Without having read it all carefully, I looked at the couple of chapters which had something sustained to say about our international circumstances – the way in which we’ve agreed to hem ourselves in by agreeing to all sorts of patently outrageous claims – most obviously the retrospective extension of IP which, axiomatically can only have costs, since you increasing the incentives to bring something that’s already with us can’t increase its chances of being brought into existence (it already has been). And I thought they were a bit lame. I thought they were lame because they didn’t point out how consistent a disgrace the Department of Foreign Affairs and Trade has been to the Australian national interest on this point. As it showed in its hearings before the inquiry I was on into Pharmaceutical Patent Extensions, it hadn’t the slightest glimmering of what might be in the Australian interest, other than arguing in the first instance that we didn’t want to change any of the laws we already had. This came out when I asked them some very open ended questions in the inquiry. I asked them a very low key open ended question – what their objectives were when they were negotiating on IP and they became completely incoherent. They consulted with all and then kind of, well represented what they’d heard. What if they heard different things from different Australian interests. That pretty much stumped them.

Anyway the PC gets the basic principles right, but in an attempt to stiffen their spine on this point I wrote the following introductory letter to introduce a document I penned a few years ago trying to engage firms like Google, Facebook and other internet companies that fancy they don’t want to do evil.

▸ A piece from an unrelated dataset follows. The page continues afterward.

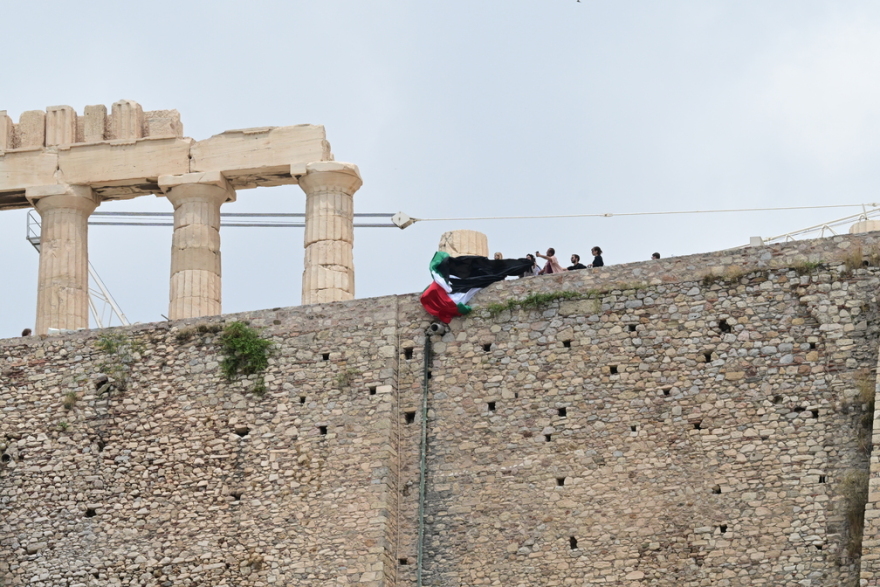 Acropolis: 15 arrests of New Left members raising the Palestinian flag - See images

I even know some quite senior people in those companies in the Bay Area – including Google Chief Economist Hal Varian. But, not surprisingly for something I didn’t turn into a full time crusade, it didn’t go anywhere. In any event the introductory letter I penned to the Commission is below and the document “An international agenda for balanced IP” appears below the fold.

Saturday, 28 May 2016

To whom it may concern,

Attached is a document drafted some years ago, which I nevertheless hope will be of some interest and use to the Commission in its current labours to more fully inform debate about IP in Australia. The immediate context in which it was written meant that it addressed providers of the digital infrastructure for the internet. But the principles to which it appeals are far more general.

There appear few countervailing forces to IP mercantilism and yet it should be possible to make headway by more vigorously and self-consciously promoting the interests of all those who stand to benefit, whether they realise it or not, from resisting it. Using transparency as a weapon against the siren song of mercantilism – which as Adam Smith observed works by misleading the public into believing that their own interests coincide with the sectoral interests of a powerful minority – is part of the founding myth of the Commission.

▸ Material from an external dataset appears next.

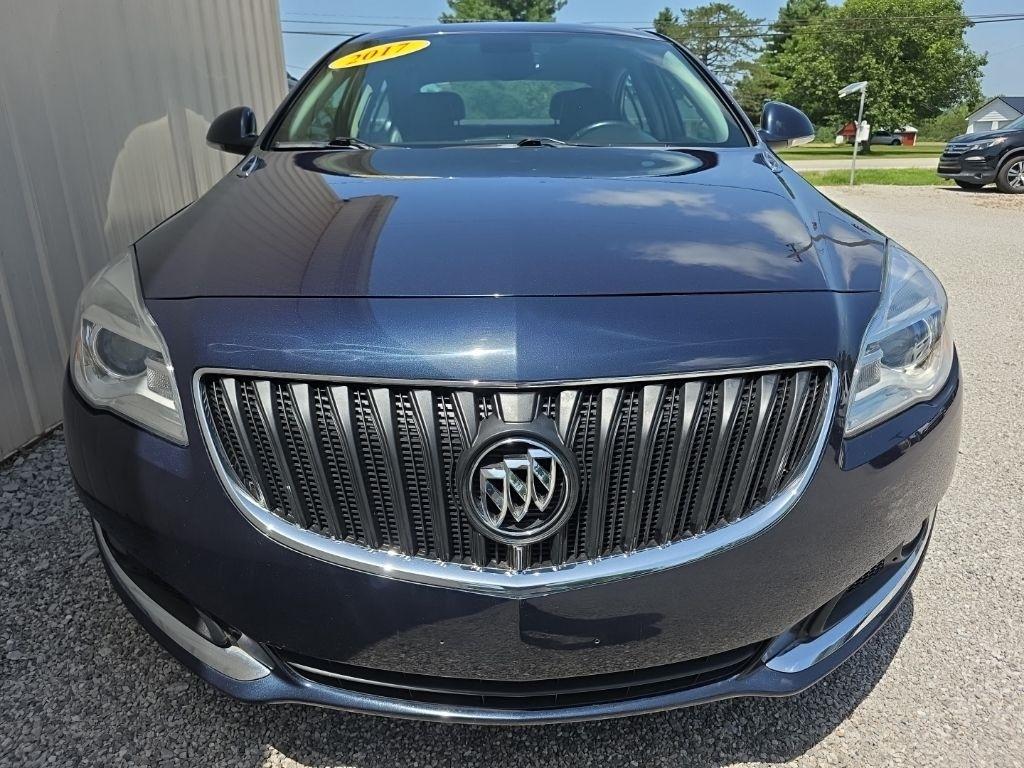 Buick Regal 4dr Sdn Sport Touring FWD 2017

In that spirit I am hoping that the Commission might help Australia vigorously identify its own strategic interests in resisting the more outrageous demands of the IP mercantilists, and build institutions more capable of promoting greater understanding of the issues amongst Australia’s policy and opinion makers. Further, in the spirit of its success with the Cairns group of agricultural exporters, Australia should lead the formation of a group of countries who identify their interests not with mercantilism but with policies designed to optimise national economic interests, most particularly where those policies also promote the global economic interest.

I’d be happy to appear before the Commission on this subject should it wish.

Regards,

Nicholas Gruen

An international agenda for balanced IP

Background

The political economy of intellectual property is broken.

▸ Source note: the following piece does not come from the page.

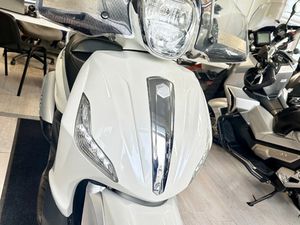 PIAGGIO BEVERLY 300I LED 2013Г. →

Fading businesses with legacy business models focus their energies on lobbying lawmakers to impede new business models, rather than to innovate themselves.

IP rights holder groups seek draconian powers over legitimate businesses that are the infrastructure of the new economy, such as internet service providers, internet intermediaries, and cloud services providers. They seek domestic legislative change.1

While there is a legitimate case for preventing subversion of IP rights, these initiatives show little regard for the public interest. Extraordinarily, some national IP regimes, such as Australia’s provide no clear right for those in the value chain, such as ISPs like Bigpond, TPG and iiNet and search engines like Google, or social networks like Facebook and Twitter to handle IP, even where their only purpose and effect is to disseminate the IP and so assist IP holders in exploiting their work.

Increasingly, rights holders seek to reach beyond domestic legal and legislative channels to pursue their interests in other jurisdictions: directly, through the extradition of alleged copyright infringers to face trial in the US,2 and indirectly, through the financing of court actions in other countries. In Australia, Hollywood movie studios financed the copyright action brought against the Australian ISP, iiNet, because in their view iiNet was insufficiently vigilant in preventing copyright infringement by its users.

Further, international pressure is exerted through the US Trade Representative’s Special 301 process, under which many of the US’s closest diplomatic allies and trading partners in other contexts, such as Canada and Australia, have been placed on the “Priority Watch List“ as soft on IP, even where, broadly speaking, their IP regimes are of comparable strength to the US’s and in some regards stronger.

Special 301 pressure often produces the desired result, as illustrated recently by Spain enacting provisions that enable websites and web-services to be shut down without due process within ten days of complaints being made. There is also pressure to agree to international treaties aimed at maintaining and extending IP rights, as in the Anti-Counterfeiting Trade Agreement (ACTA). Today there are substantial IP chapters in virtually all trade agreements.

What is needed

Whereas typically the US will pursue the maintenance and extension of IP rights in such treaties, other countries tend simply to resist changes to their own law. Eventually some compromise is reached between US assertiveness and the defensiveness of their trading partners. Yet it is surprising that countries other than the US do not assert their own interests more strategically and energetically. This proposal seeks to address this lacuna.

What is missing for IP user countries is a framework within which they might assert their own strategic interests and, by balancing the US’s assertiveness, produce a more balanced global regime which is more in tune with their own interests – and that of the global public interest. To be effective, any such framework would embrace simple economics and political economy to elucidate the case for a more balanced approach to IP in a way that is simple and compelling to the interested lay-person.

Given the existing polarisation of the IP field, it would be imperative that the framework be ideologically centrist rather than partisan. There is no shortage of partisan activism on both sides of the IP debate. The Washington Declaration on Intellectual Property and the Public Interest 3 is a worthwhile document in this regard, though its ideological provenance is social-democratic. The proposal here seeks to build on the wider self-interest of businesses and citizens in promoting more economically efficient outcomes.

Some principles and propositions

The broad principles which could be part of such a framework are as follows:

  • Whereas harmonising and reducing trade barriers is presumptively in the interests of all countries involved in such activity,4 there is no such presumption in the case of IP treaties (including of course the IP chapters of trade treaties), which typically involve net exporters of IP winning and net importers losing.
  • Increased IP helps IP producers and hurts IP consumers. If producers and users were always different parties, it would probably be best to err on the side of producers’ interests, at least where IP generates dynamic benefits and productivity growth. However:
    • Even here this should not extend to:
      • Criminalising actions that are widely practiced as reasonable by the populace (especially where this involves minimal damage to producers’ interests and assists in supporting productivity growth).
      • Imposing onerous rights on innocent parties in the value chain who are not seeking to promote IP infringement.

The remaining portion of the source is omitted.